Tabitha led me into a ramshackle compound with a square, dirt courtyard and three long corrugated-steel shacks. To our left, the compound's tin walls were painted in a cream color with something written in red paint, a sign of some sort. My eyes glanced over it.

Tabitha released my hand and pointed at the writing on the wall.

RYE MEDICAL CLINIC. SACRIFICING FOR SUCCESS.

I stood in stunned disbelief.

“You see, I told you I would do it.” She smiled, wide and full. She rarely smiled, but on the occasions when she did, it was like Jane's smile. It was amazing.

I was numb.

“I told you, Omosh. You, you didn't want to hear. But I told you, and then you gave me that money when I was at rock bottom, just holding on, and see.”

The building had six rooms separated by a narrow cement walkway. Tabitha rented two rooms, one for her family, the other for her clinic. It was one of the only clinics in Kibera open twenty-four hours a day.

“I keep it open because, you know, here we have to sacrifice. People, they don't stop getting sick when the night comes.” The clinic room was neatly organized, clean, and sparsely equipped with a wood table, a stool, and a cabinet with some generic medicine and bandages.

“I started this bare-handed.” She turned to me. “In fact I can say that it was with the bare of my hands. This place, it is meant to deal with people like me.”

Tabitha led me back to her room. It was chai time. I was still in shock.
Was this for real?

A baby boy named Ronnie played on the bed next to Tabitha's older daughter. When I tickled his feet, he laughed and bounced his little arms against the bed. I assumed he was a neighbor's son. Tabitha looked at Ronnie and explained that it had taken her six months of selling vegetables before she had enough savings to start her clinic. Shortly after she started, she had discovered a package wrapped in a
kanga
at her doorstep. At first she thought the package was a bundle of vegetables from a patient who could only pay in kind. Then the bundle moved. It was Ronnie.

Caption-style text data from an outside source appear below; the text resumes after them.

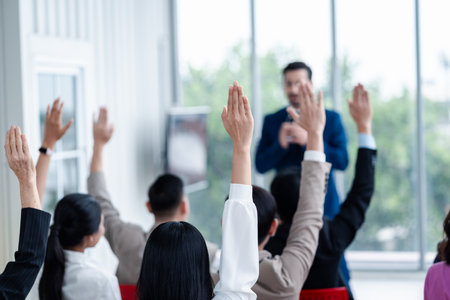 Business person raising hand during seminar. Hand up in conference asking to answer a question in business meeting room and seminar class.の写真素材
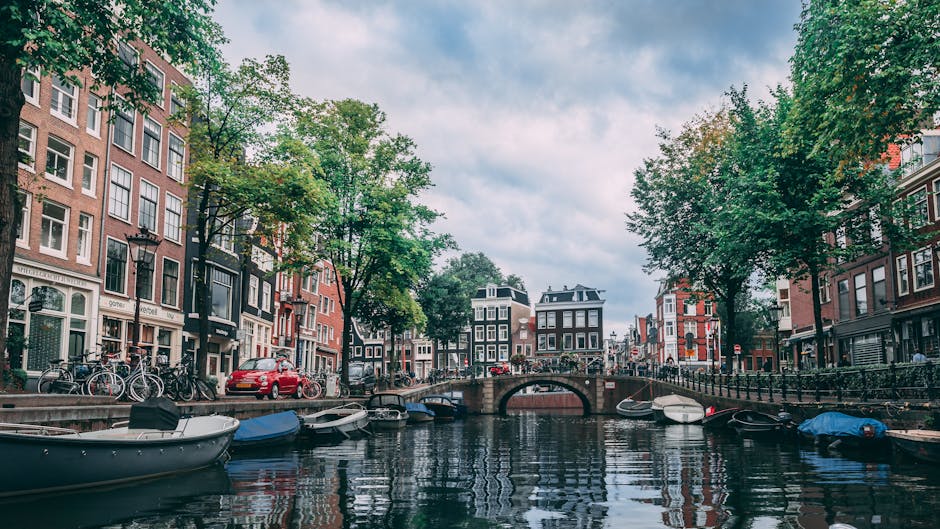 Kanał w miejskiej scenerii, który jest charakterystyczny dla Amsterdamu. Po obu stronach kanału znajdują się zabytkowe, wąskie domy z cegły, w typowym dla Holandii stylu. Na pierwszym planie, przy brzegu kanału, cumują liczne łodzie i barki. Nad kanałem przerzucony jest kamienny most z balustradą, po którym przechodzą ludzie i rowery, typowy element miejskiego krajobrazu w Holandii. Drzewa o liściach w odcieniach zieleni sugerują, że jest to zdjęcie wykonane w cieplejszej porze roku. Niebo jest częściowo pokryte chmurami, co nadaje zdjęciu atmosferę wczesnego popołudnia lub późnego poranka.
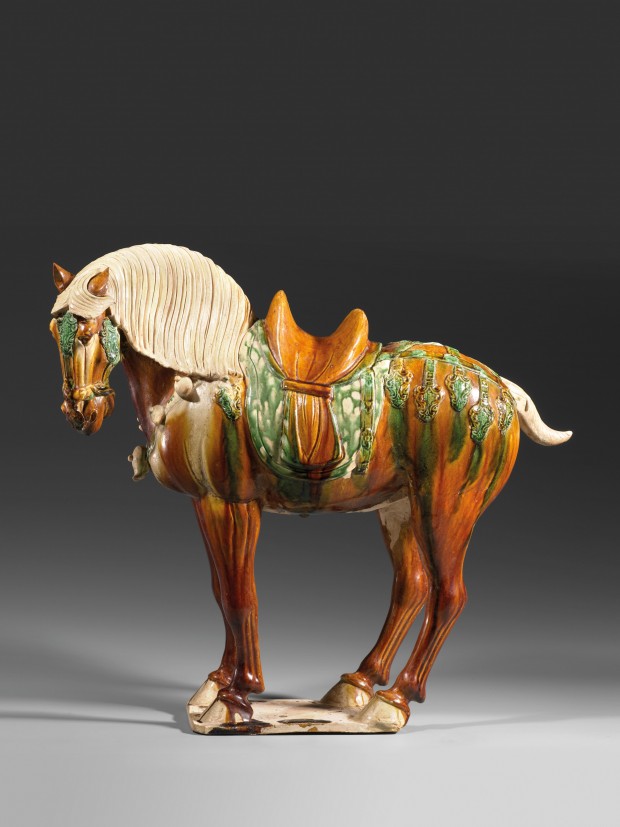 A SANCAI-GLAZED POTTERY FIGURE OF A SADDLED HORSE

“I picked him up and he was very cold,” Tabitha remembered. “He was outside for too long you see. I was worried about that other thing, too.” She leaned over, placing her hand on Ronnie's head.

“What thing?”

“HIV.” A sad look was in her eyes as she said the three letters.

“Is he positive?”

“I don't know. He has to be eighteen months. That's when the test can be reliable.” She turned to a chest of drawers, removed a tightly folded
kanga
, and read its beautiful Swahili aphorism:
“Mawingu ya dunia ufanika wajane.”
It was the
kanga
I had given her the previous summer. “The clouds of the earth cover the widows.”